Captioned web image data:
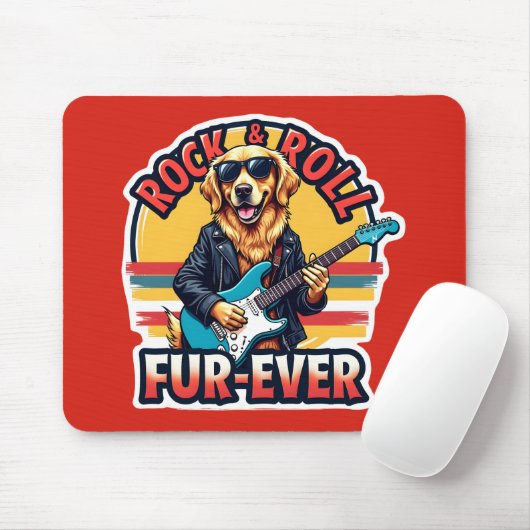 Rock and Roll Fur Ever Golden Retriever Dog Mousepad (Mit Mouse)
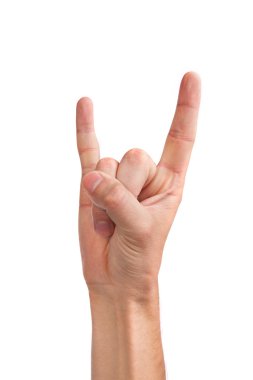 Rock'n roll işaret veren bir adamın elini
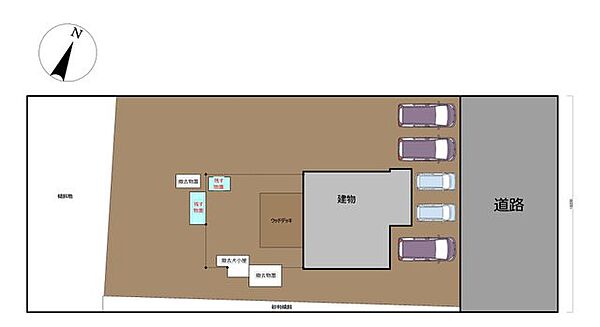 【敷地図】駐車並列5台可能で、お庭はフェンスで囲まれておりますので、お子様やペットをお庭で遊ばせることもできる広さです。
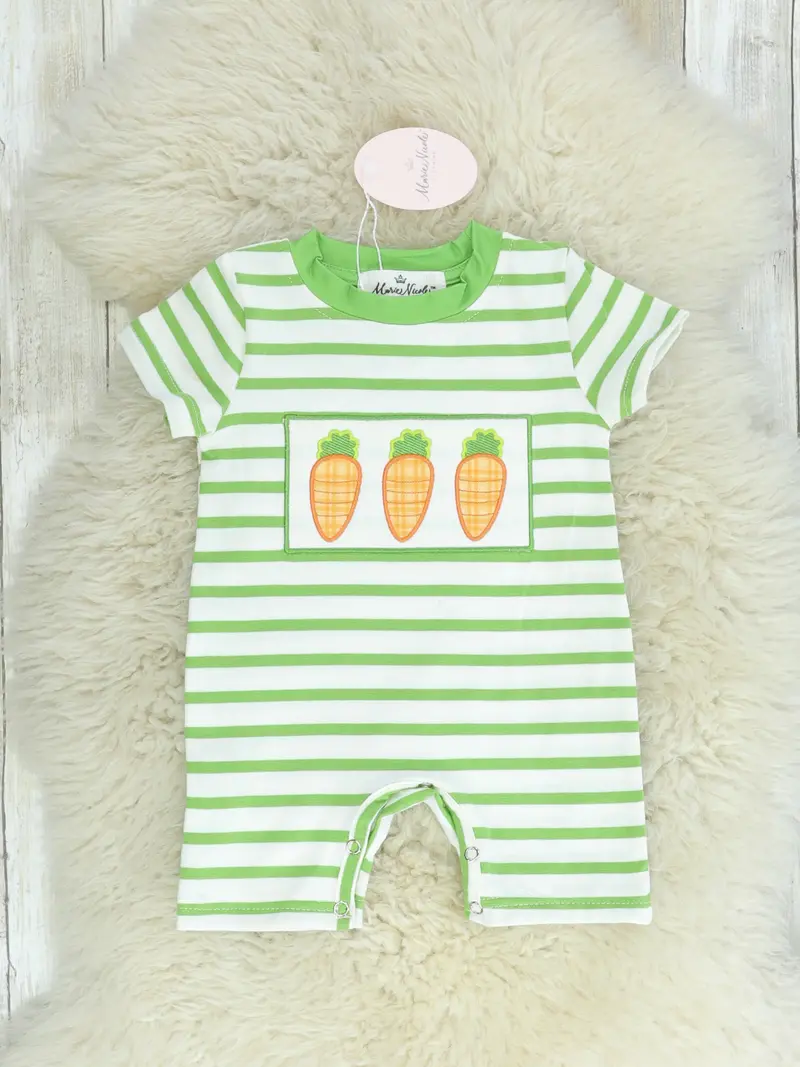 Green Carrot Print Ruffle Romper For Babies 1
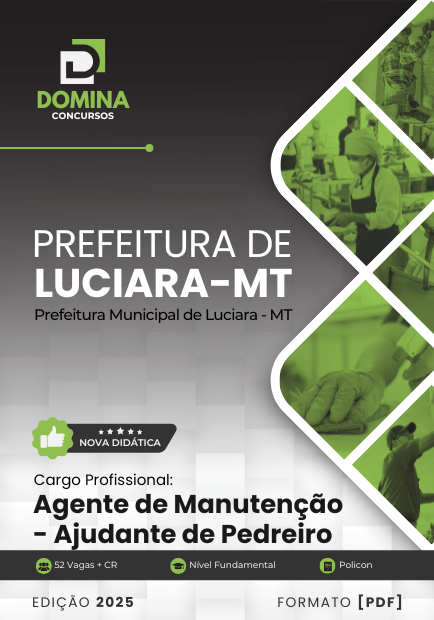 Apostila Agente de Manutenção Ajudante de Pedreiro Luciara MT 2025
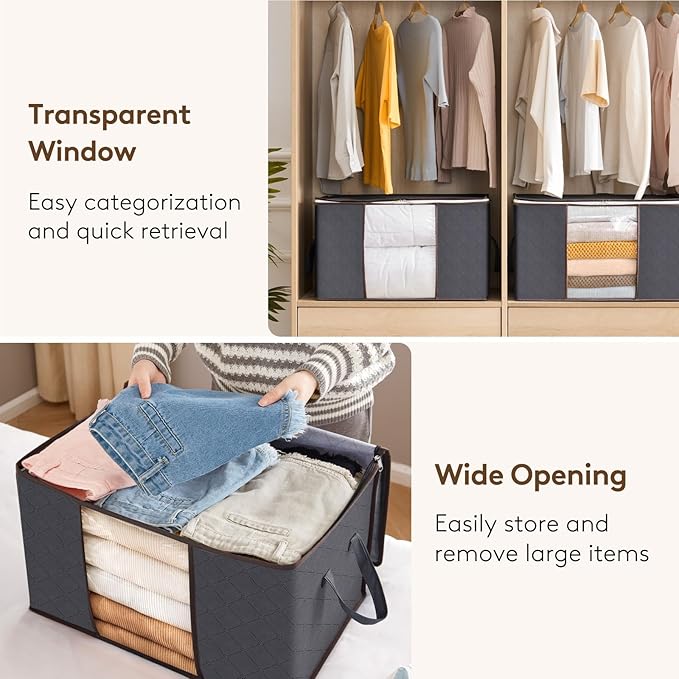 Lifewit Large Capacity Clothes Storage Bag Organizer with Reinforced Handle Thick Fabric for Comforters, Blankets, Bedding, Foldable with Sturdy Zipper, Clear Window, 21 Pack, 90L, Grey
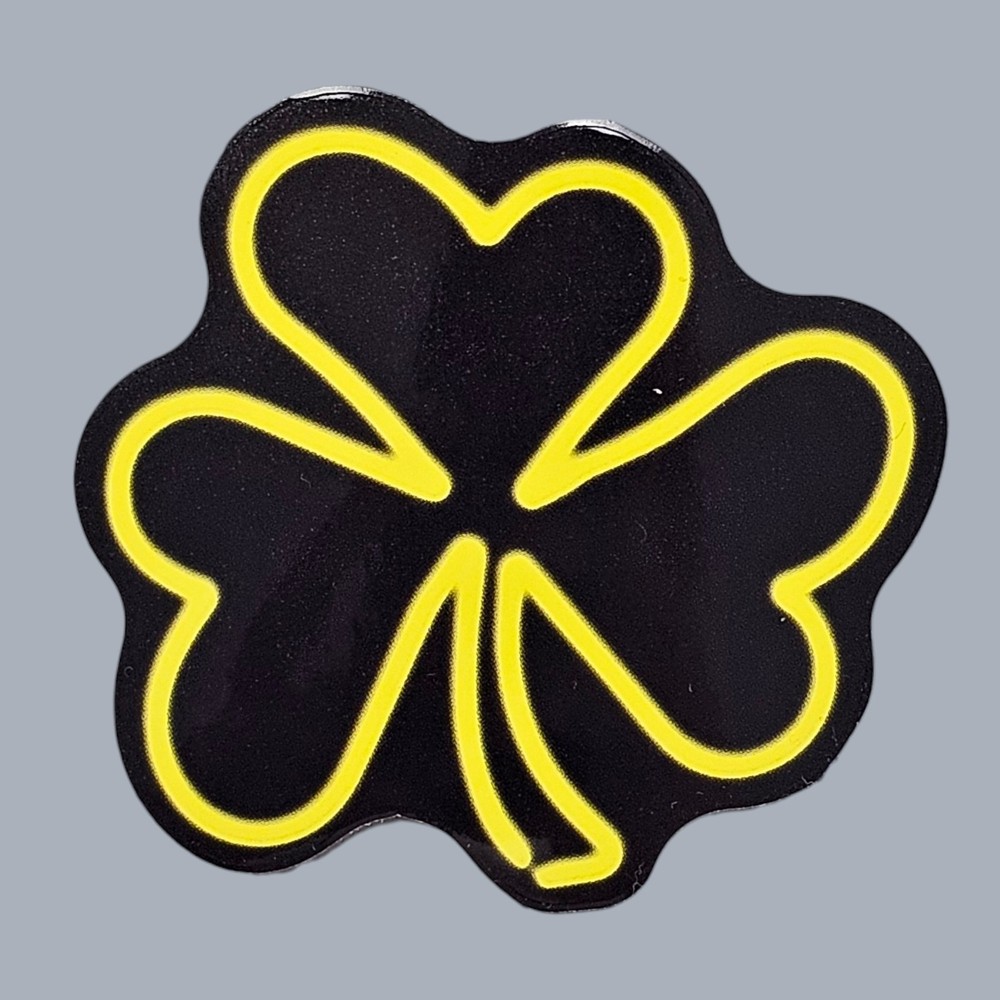 Neon Shamrock Sticker Yellow Black Clover Irish St Patricks Day Lucky Decal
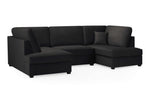 London Sofa - Plush Black U Shape Corner - 281 x 158 x 158 CM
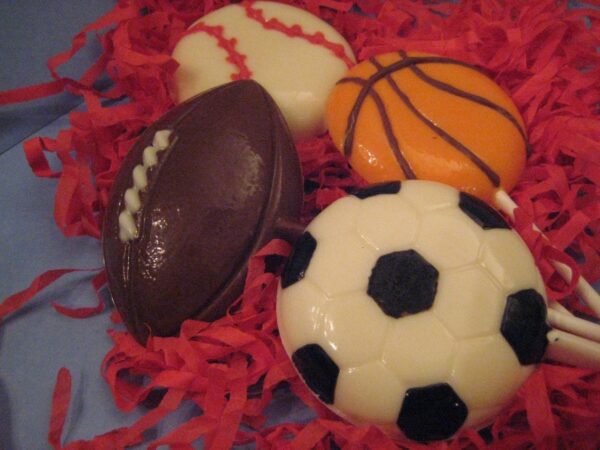 12-Chocolate Sports Ball Lollipops - Image 2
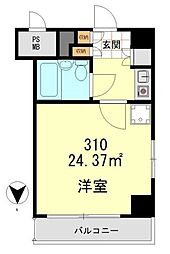 秀和日本橋箱崎レジデンス 1Kの間取図画像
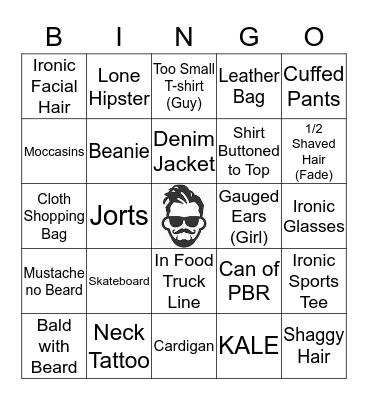 HIPSTER BINGO 1 Bingo Card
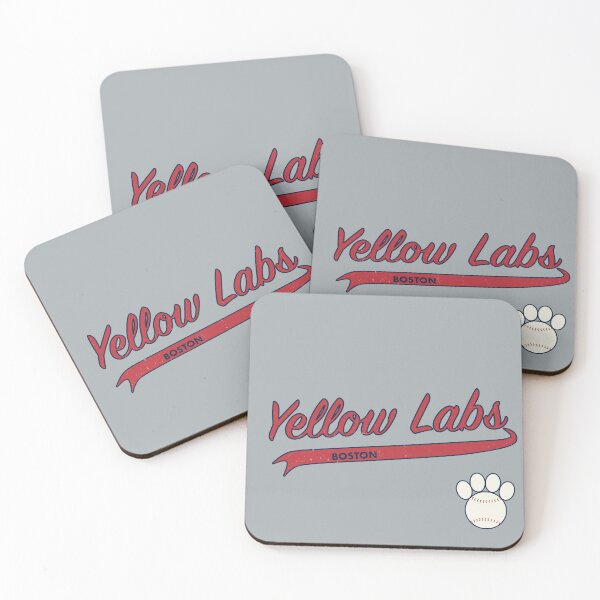 Item preview, Yellow Lab BOSTON Baseball Script designed and sold by 8PawsStudio.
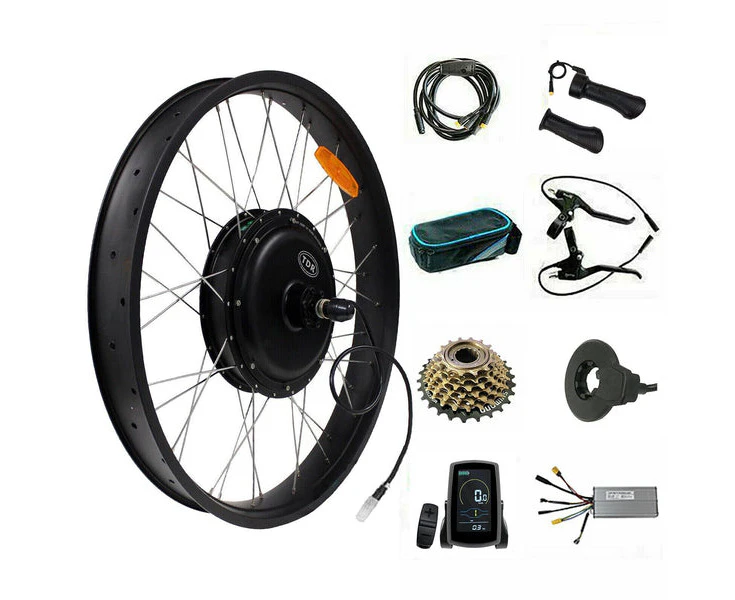 1500W 26" Fat Bike 4.0 Tyre Rear Hub 48V 15Ah Battery Electric Bike Conversion Kit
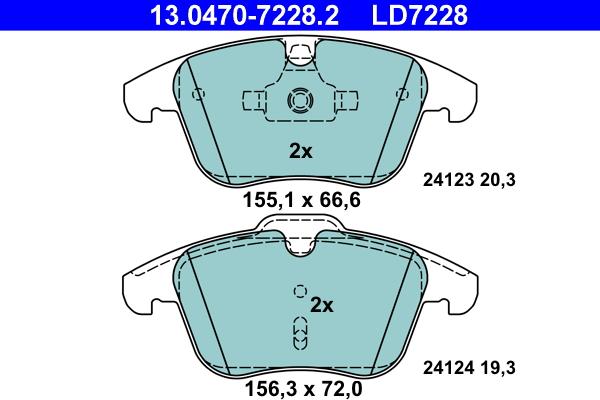 ATE 13.0470-7228.2 - Kit de plaquettes de frein, frein à disque cwaw.fr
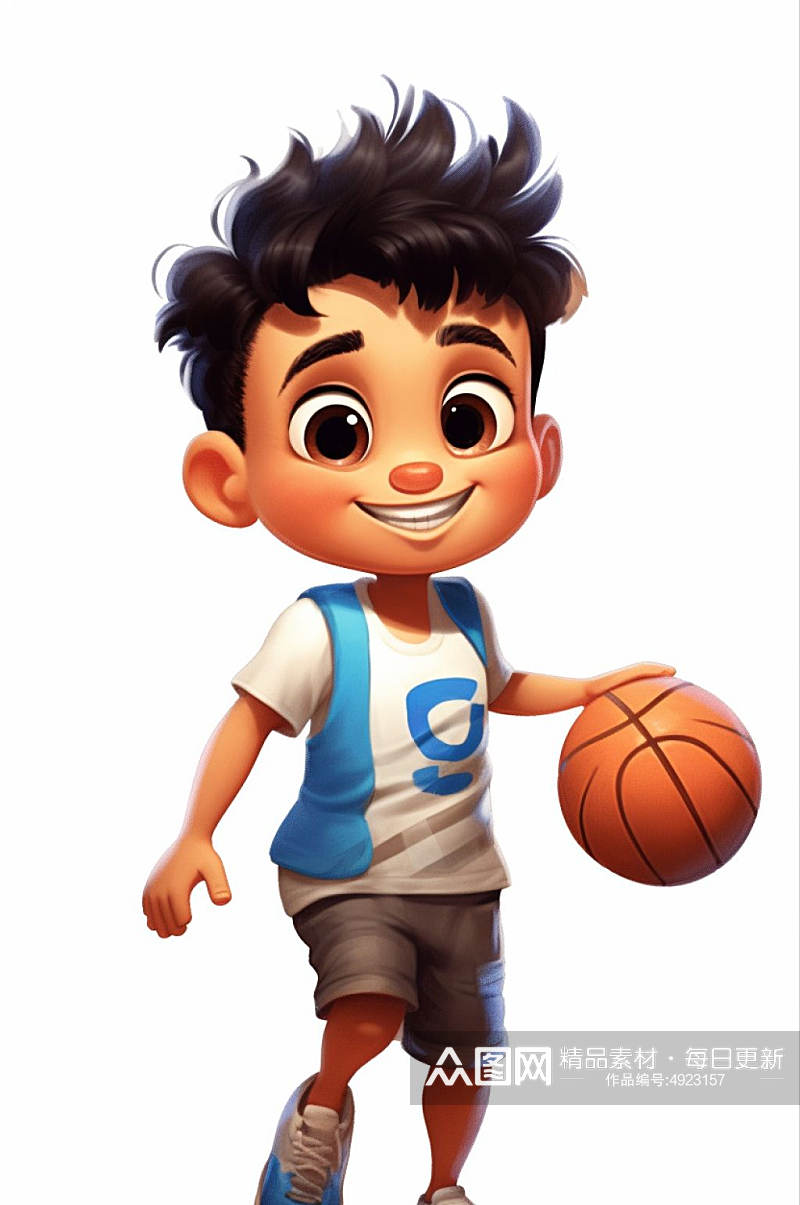 AI数字艺术创意儿童打篮球人物模型素材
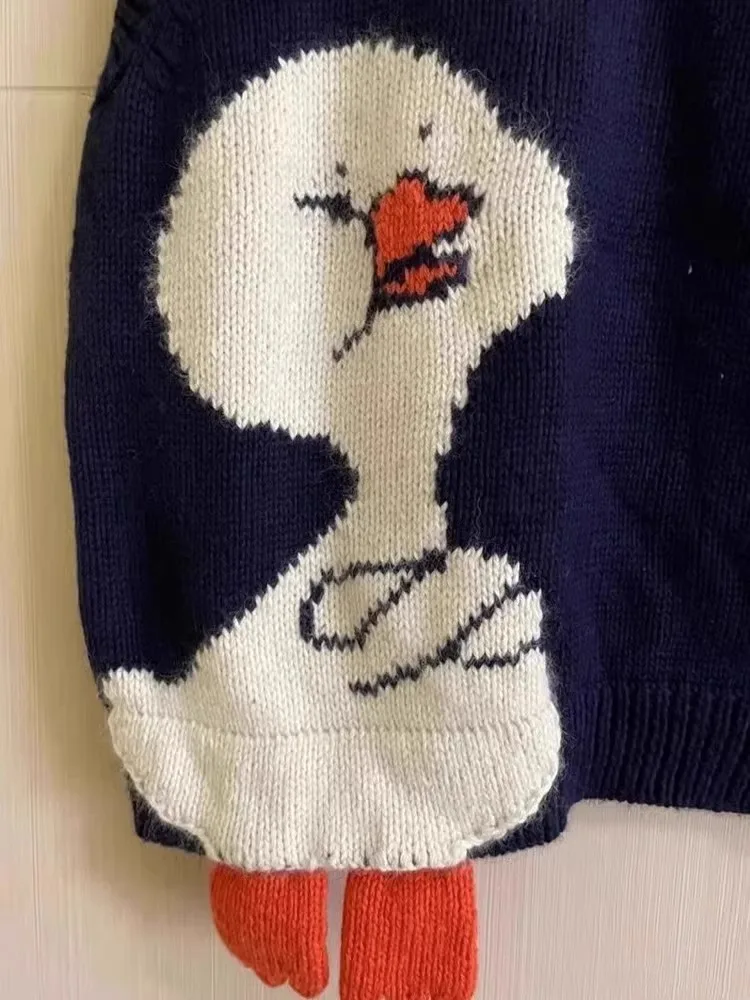 Loose Cartoon Duck Knitted Sweater Vest Black Female Style Korean Lazy Fashion Retro Design Winter Autumn Women's Fashion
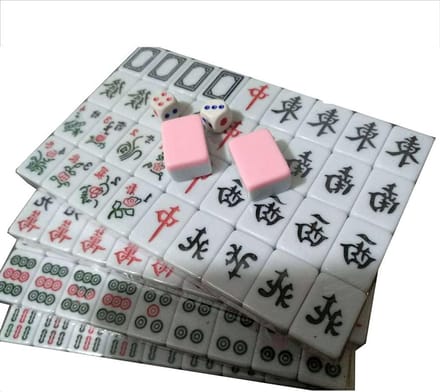 Mini Mahjong Set - Traditioneel Spel - Reizen en Feesten - 144 Melamine Tegels - Draagbaar Formaat - Roze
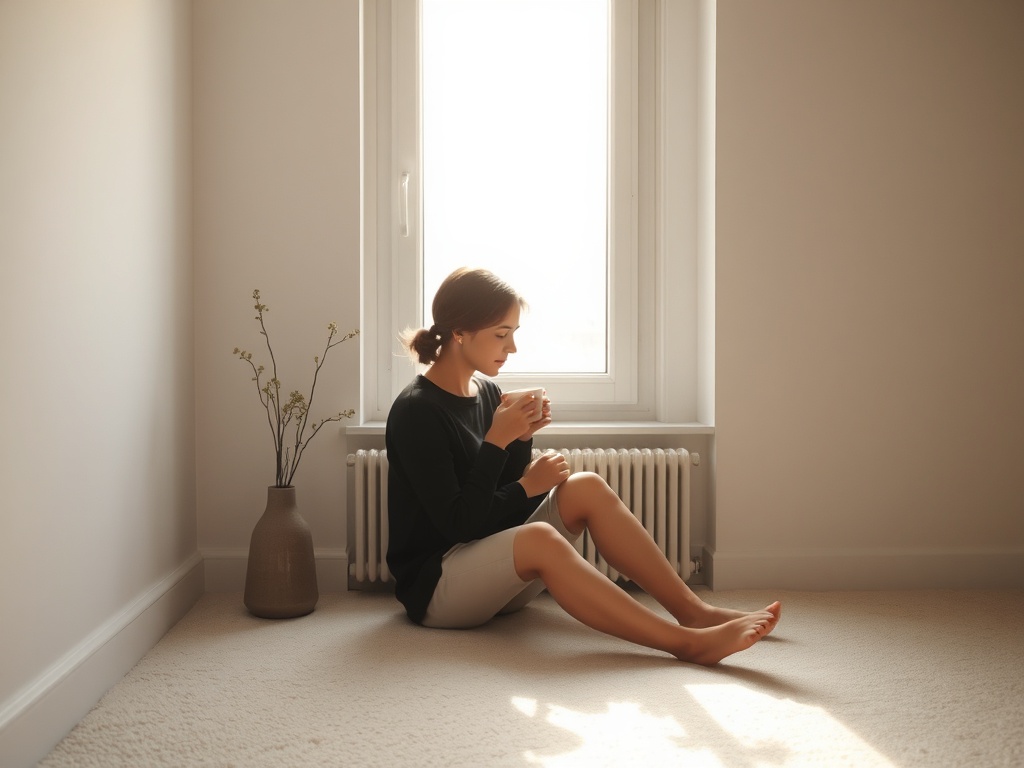 soft morning light through a window, a person sitting quietly with a cup of tea, minimal calm interior, muted tones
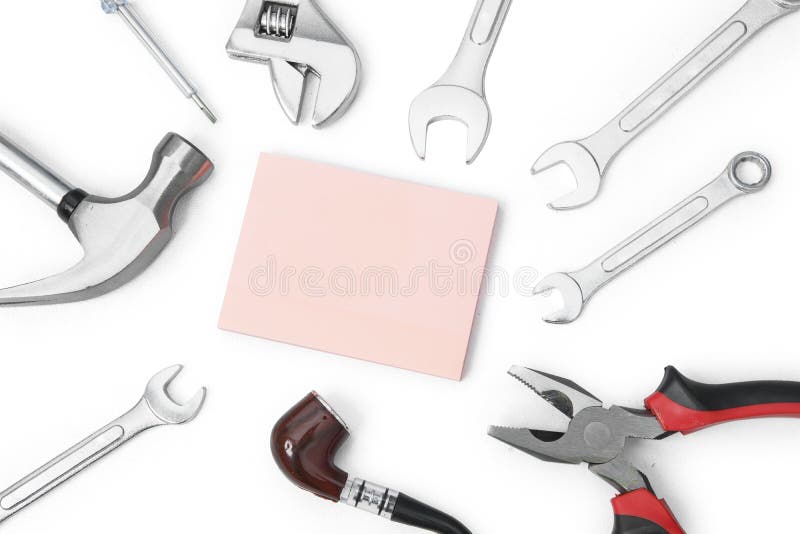 Papier blanc avec des outils de travail photographie stock Papier blanc avec des outils de travail photographie stock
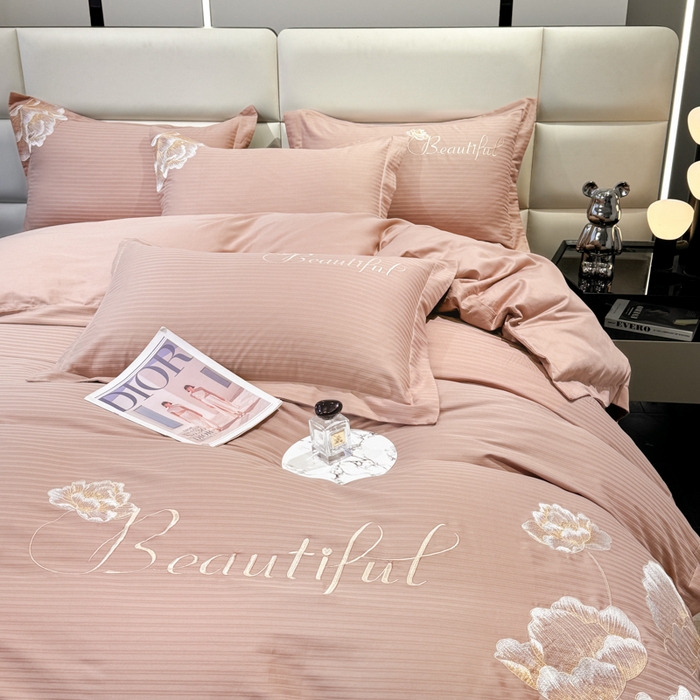 91家纺网 家纺一手货源 找家纺 梧桐家居 2024新款全棉四件套-银杏系列 银杏-浅咖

Problem statement |
Write out again exactly the lines above from the one with "ATE 13.0470-7228.2 - Kit" through the one with "soft morning light", adding no other lines and no pictures.

Answer below |
 ATE 13.0470-7228.2 - Kit de plaquettes de frein, frein à disque cwaw.fr
 AI数字艺术创意儿童打篮球人物模型素材
 Loose Cartoon Duck Knitted Sweater Vest Black Female Style Korean Lazy Fashion Retro Design Winter Autumn Women's Fashion
 Mini Mahjong Set - Traditioneel Spel - Reizen en Feesten - 144 Melamine Tegels - Draagbaar Formaat - Roze
 soft morning light through a window, a person sitting quietly with a cup of tea, minimal calm interior, muted tones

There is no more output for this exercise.